=== Task ===
Stop at the line that contains "CM5OW01TC750_0900_4-CAMISETA-MC-CK-MASC-BOX-STRIPED". Until then, set down each line of the records exactly, beginning with the first, and skip pictures.
■ ■ ■ ■ ■ ■ ■
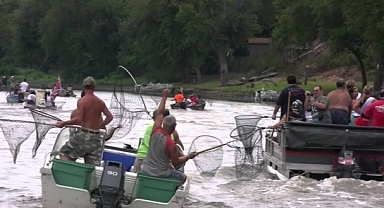 Illinois'de Balık Yakalama Yarışması Düzenlendi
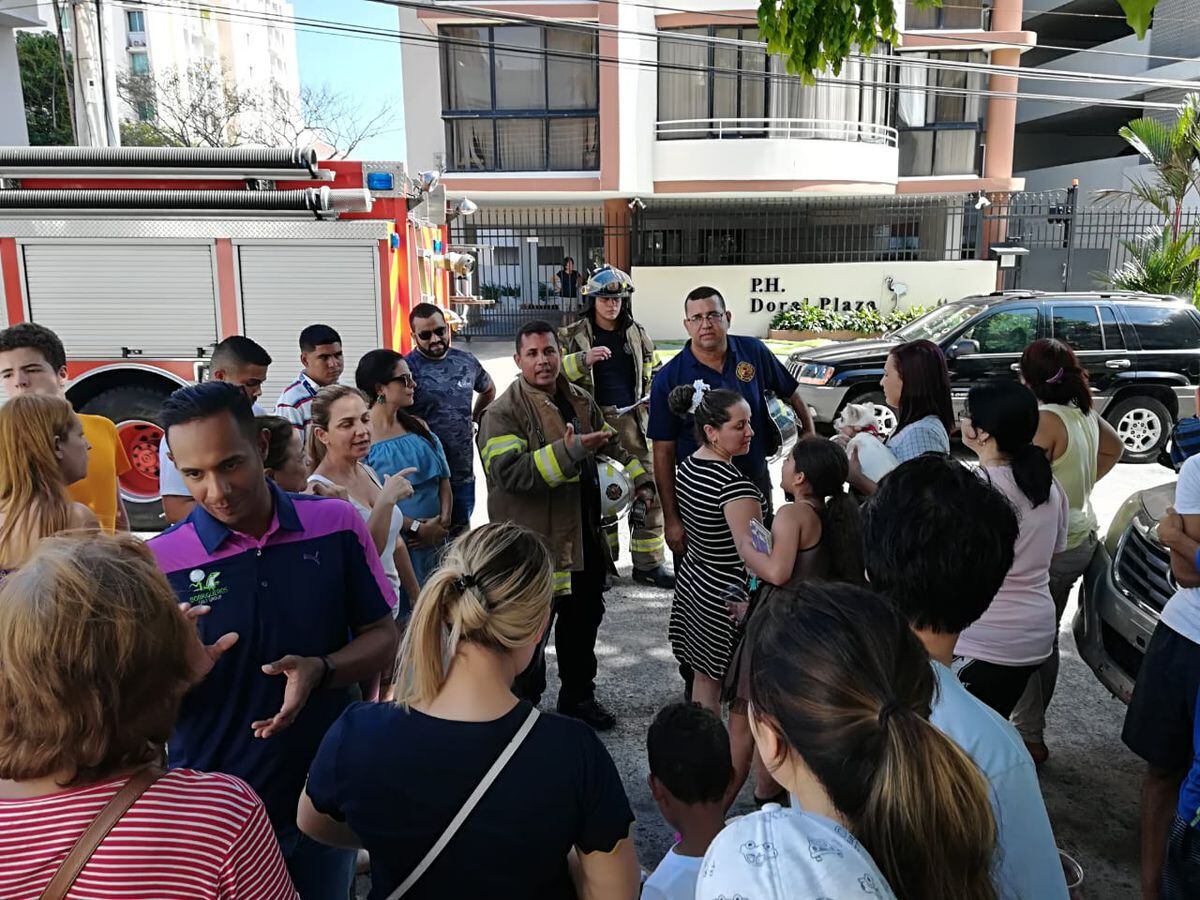 Bomberos atienden emergencia por otra fuga de gas en edificio en El Cangrejo. Video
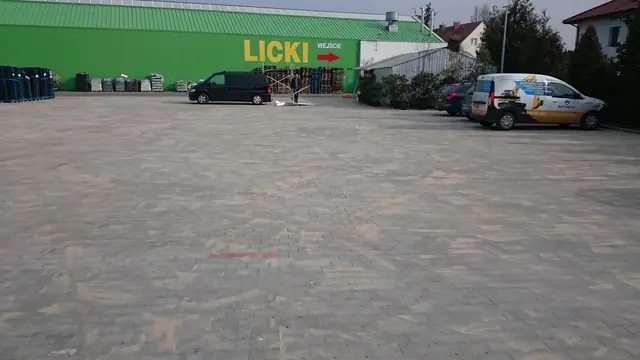 Ukończony parking z kostki przed centrum ogrodniczym Żulicki z zaparkowanymi autami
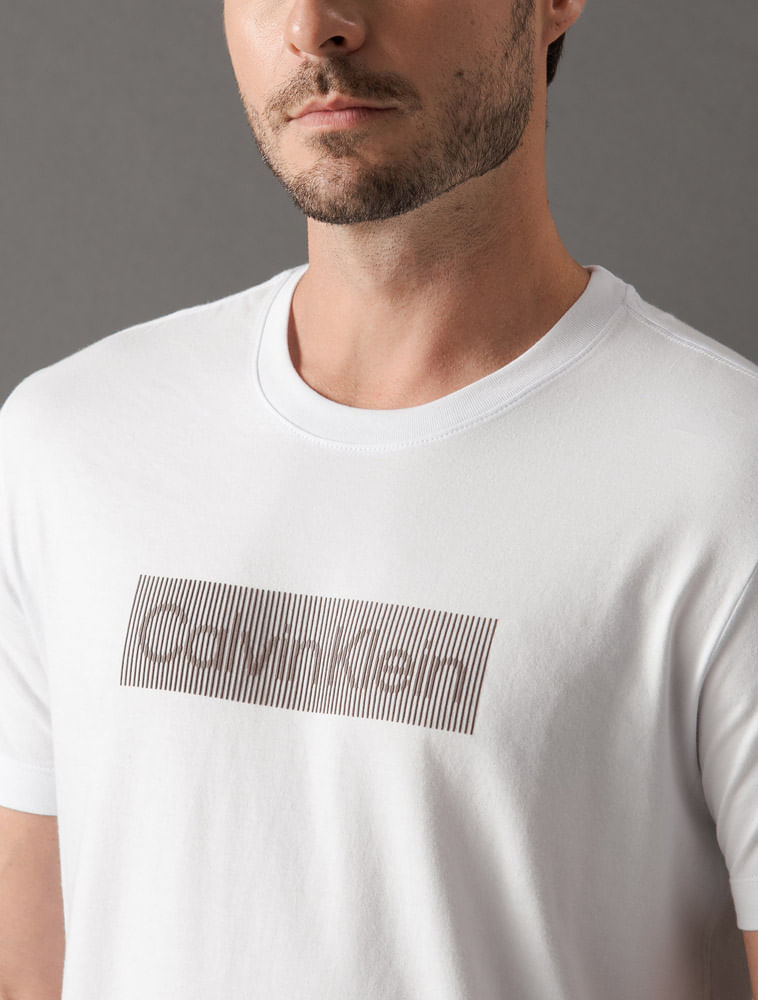 CM5OW01TC750_0900_4-CAMISETA-MC-CK-MASC-BOX-STRIPED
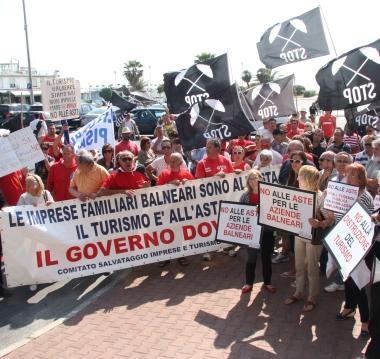 <b>BALNEARI.</b> Una protesta dei concessionari A destra: Vincenzo Lardinelli 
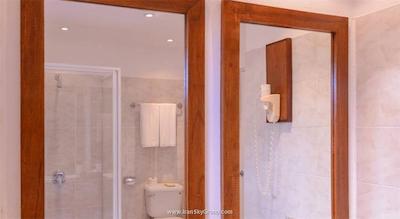 آداران سلکت میدهوپارو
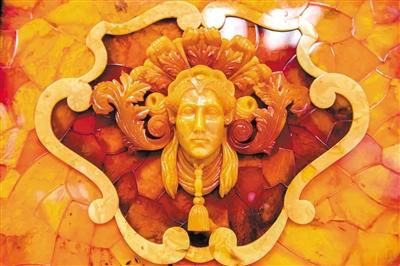 这是3月18日在立陶宛首都维尔纽斯举办的国际琥珀展上拍摄的琥珀制品。 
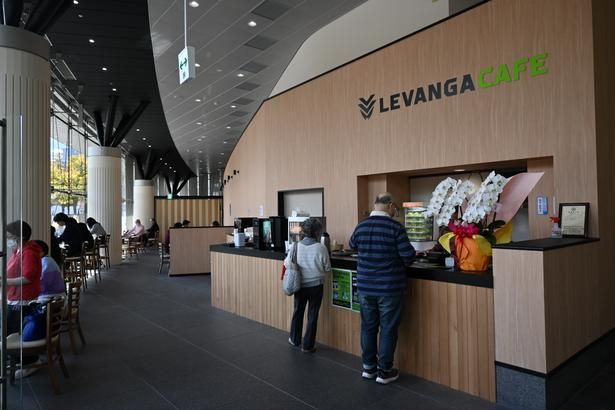 2026年8月にOPENした「LEVANGA CAFE」。ホームゲーム時はカフェ以外にも試合後のアフターバーも営業。お酒やおつまみ、デザートのパフェなどを楽しめる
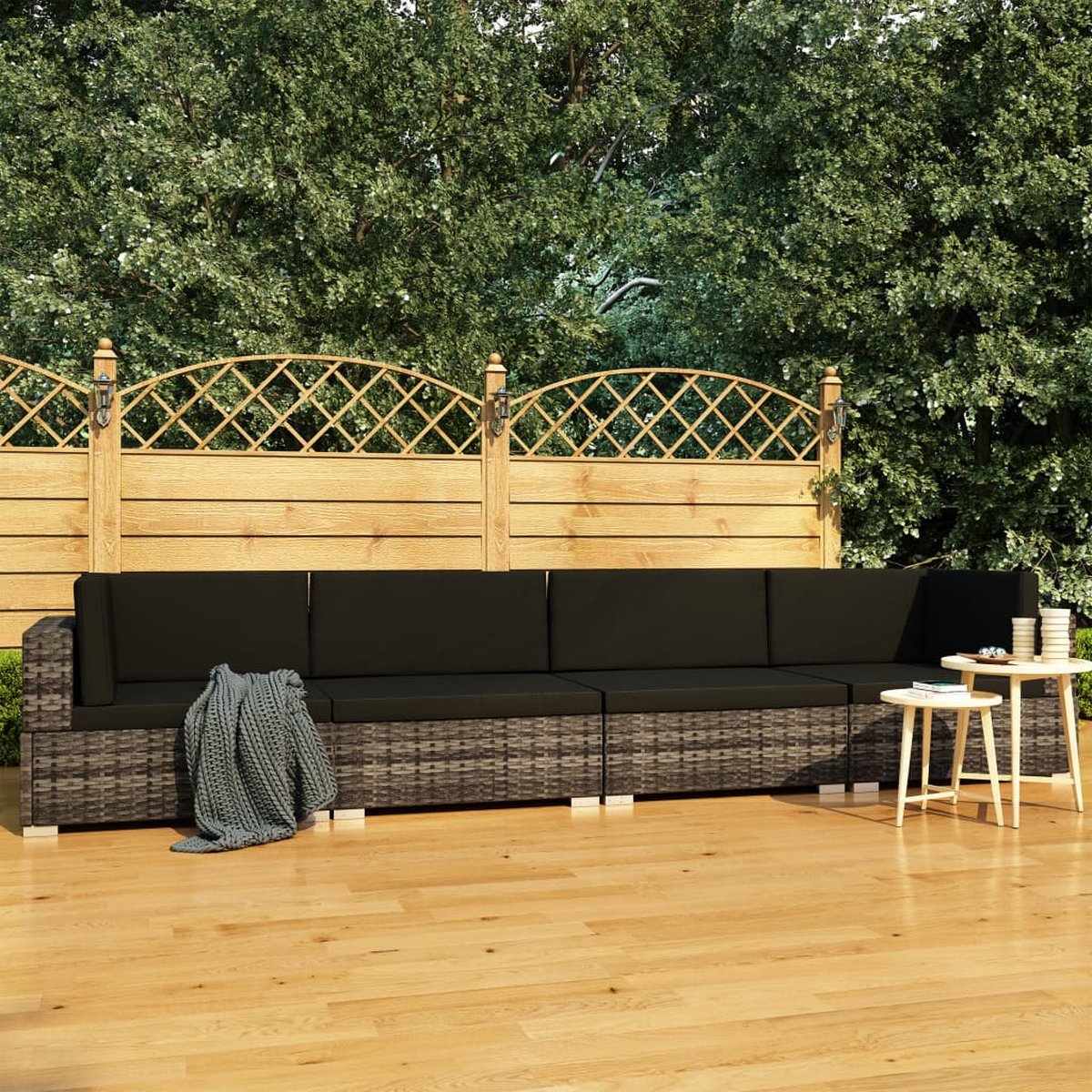Grijze poly rattan loungeset met kussens voor buiten - The Living Store.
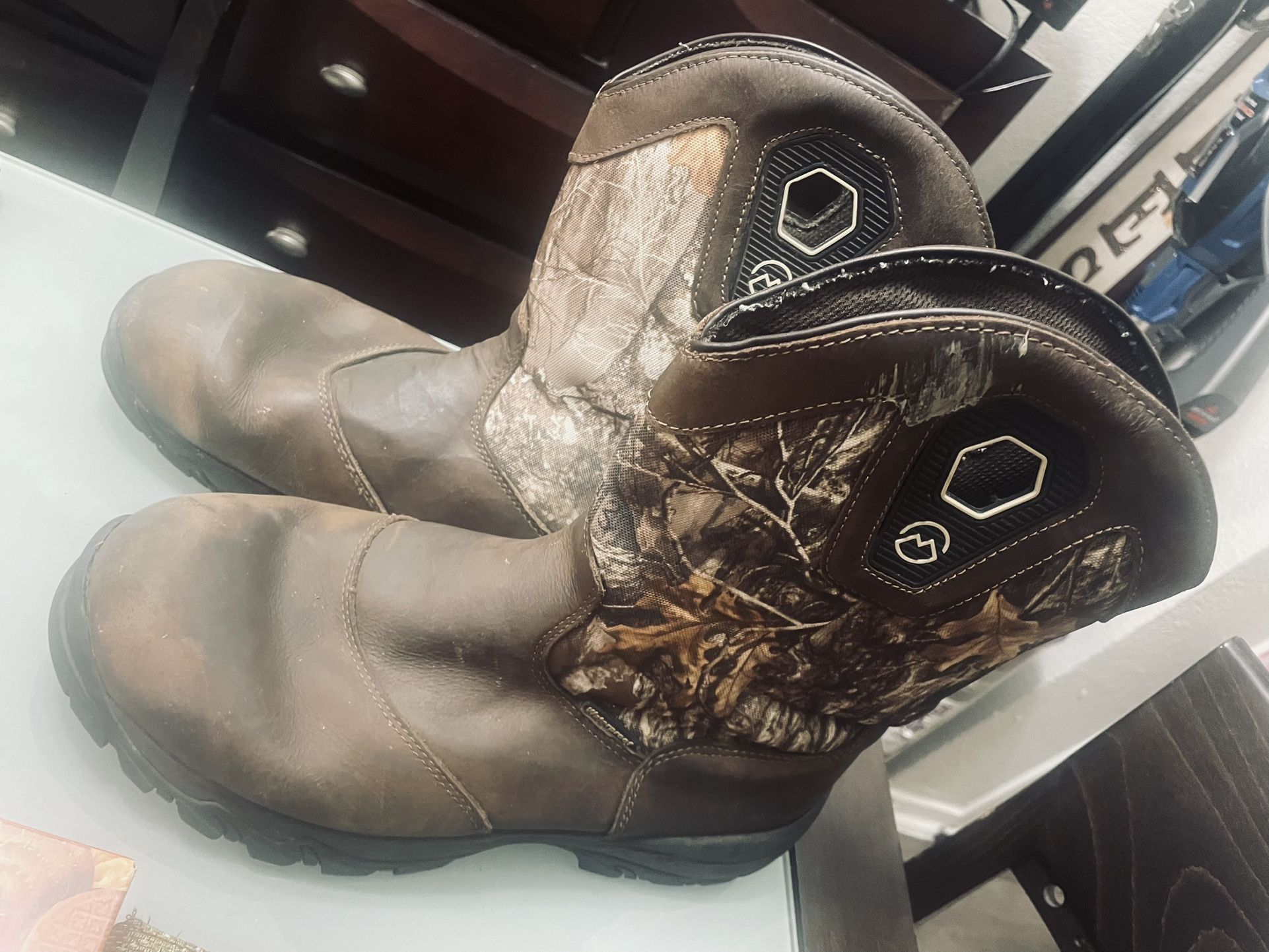 Men’s.    Work Boots.   Size 12 D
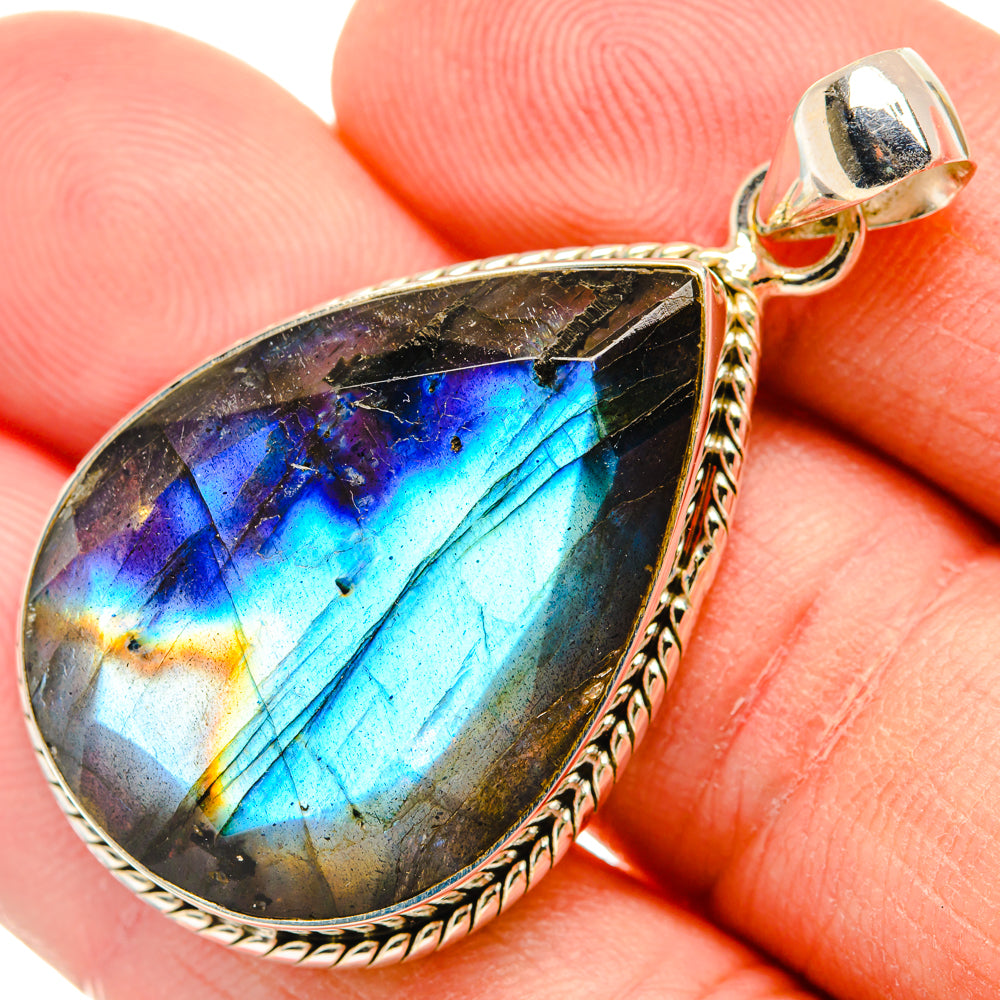 Labradorite Pendants handcrafted by Anasilvercos - PD29105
■ ■ ■ ■ ■ ■ ■
=== Written solution ===
 Illinois'de Balık Yakalama Yarışması Düzenlendi
 Bomberos atienden emergencia por otra fuga de gas en edificio en El Cangrejo. Video
 Ukończony parking z kostki przed centrum ogrodniczym Żulicki z zaparkowanymi autami
 CM5OW01TC750_0900_4-CAMISETA-MC-CK-MASC-BOX-STRIPED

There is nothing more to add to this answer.